Abstract:Since the renaissance of deep learning (DL), facial expression recognition (FER) has received a lot of interest, with continual improvement in the performance. Hand-in-hand with performance, new challenges have come up. Modern FER systems deal with face images captured under uncontrolled conditions (also called in-the-wild scenario) including occlusions and pose variations. They successfully handle such conditions using deep networks that come with various components like transfer learning, attention mechanism and local-global context extractor.
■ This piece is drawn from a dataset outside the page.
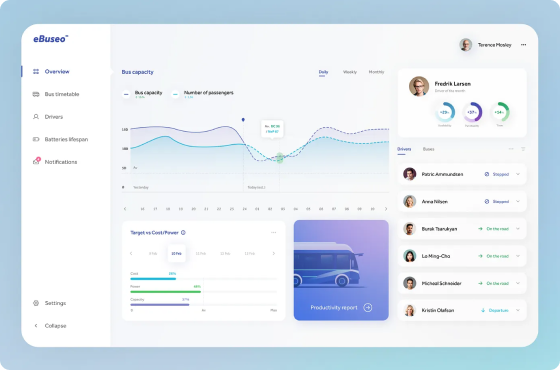 Custom Integrations & Extensions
However, these deep networks are highly complex with large number of parameters, making them unfit to be deployed in real scenarios. Is it possible to build a light-weight network that can still show significantly good performance on FER under in-the-wild scenario? In this work, we methodically build such a network and call it as Imponderous Net. We leverage on the aforementioned components of deep networks for FER, and analyse, carefully choose and fit them to arrive at Imponderous Net. Our Imponderous Net is a low calorie net with only 1.45M parameters, which is almost 50x less than that of a state-of-the-art (SOTA) architecture. Further, during inference, it can process at the real time rate of 40 frames per second (fps) in an intel-i7 cpu. Though it is low calorie, it is still power packed in its performance, overpowering other light-weight architectures and even few high capacity architectures. Specifically, Imponderous Net reports 87.09\%, 88.17\% and 62.06\% accuracies on in-the-wild datasets RAFDB, FERPlus and AffectNet respectively. It also exhibits superior robustness under occlusions and pose variations in comparison to other light-weight architectures from the literature.